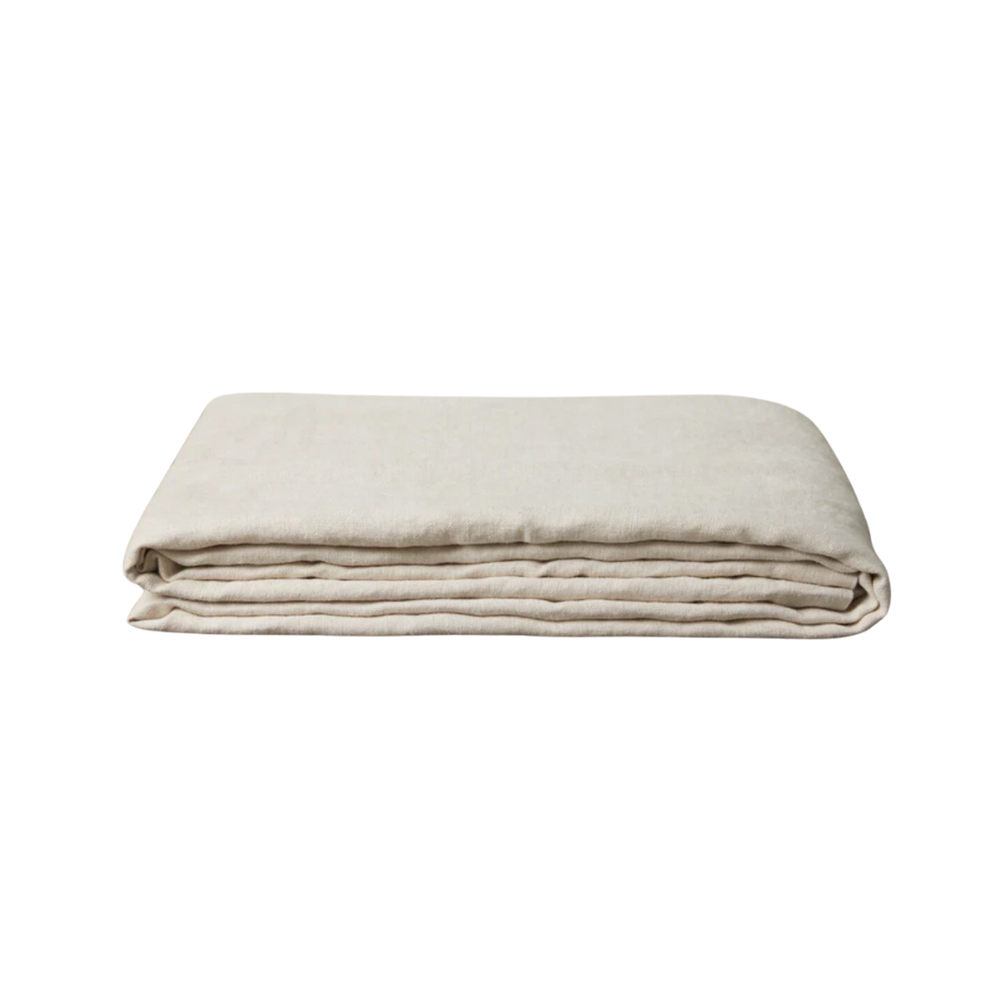 Repose Heavyweight Bedcover By Cultiver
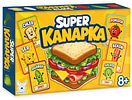 Super kanapka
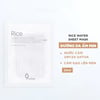9 Wishes Rice Water Sheet Mask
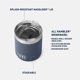thumbnail image 2 of Vaso YETI Rambler de 295 ml, apilable, Lowball 2.0, con aislamiento al vacío, 2 of 9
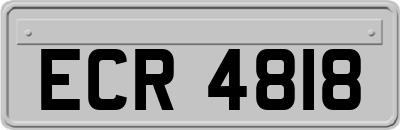 ECR4818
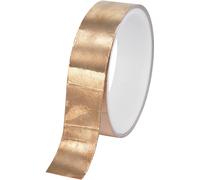 Ruban cuivre adhésif CFT50/20M 1564016 cuivre (L x l) 20 m x 50 mm acrylique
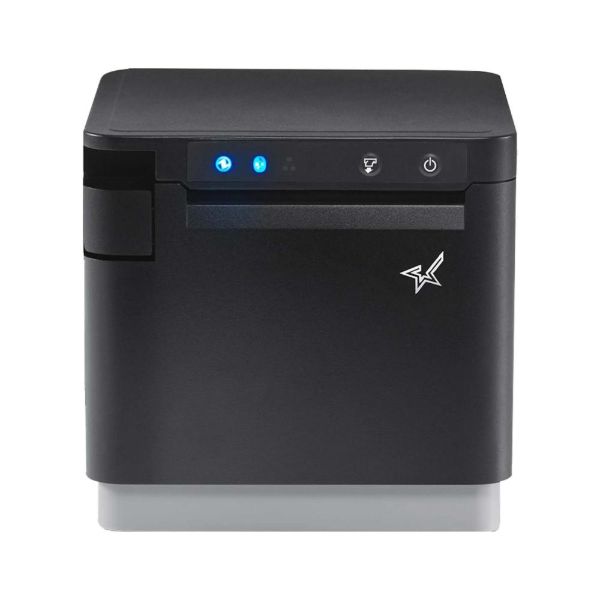 Picture of Star mcPrint MCP31LNH 80mm USB/Ethernet Receipt Printer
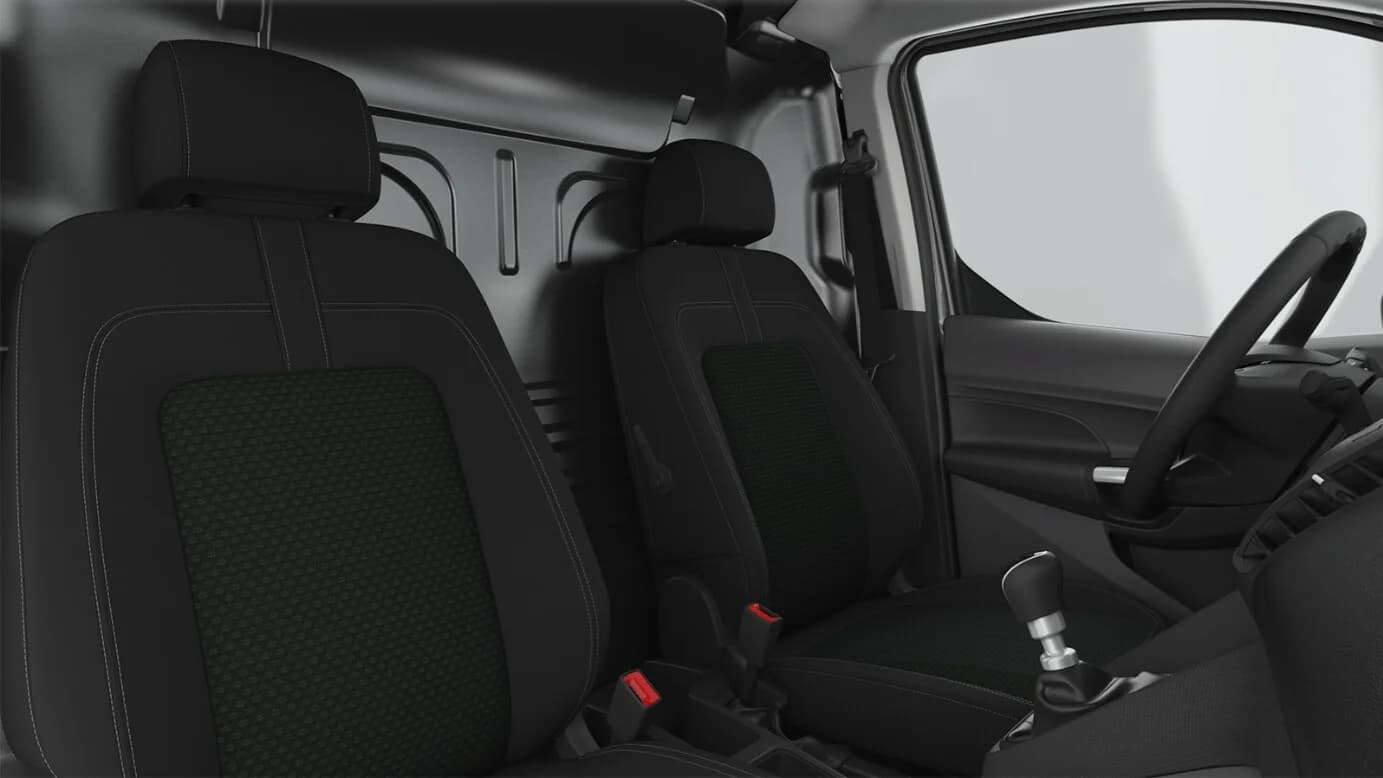Ford Transit Connect — zdjęcie 5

-=-=-

What you are asked to do => Your copy should hold only the lines from the line with "Ruban cuivre adhésif" through the end of the data above, both ends included, transcribed exactly and without pictures.

The completed task =>
 Ruban cuivre adhésif CFT50/20M 1564016 cuivre (L x l) 20 m x 50 mm acrylique
 Picture of Star mcPrint MCP31LNH 80mm USB/Ethernet Receipt Printer
Ford Transit Connect — zdjęcie 5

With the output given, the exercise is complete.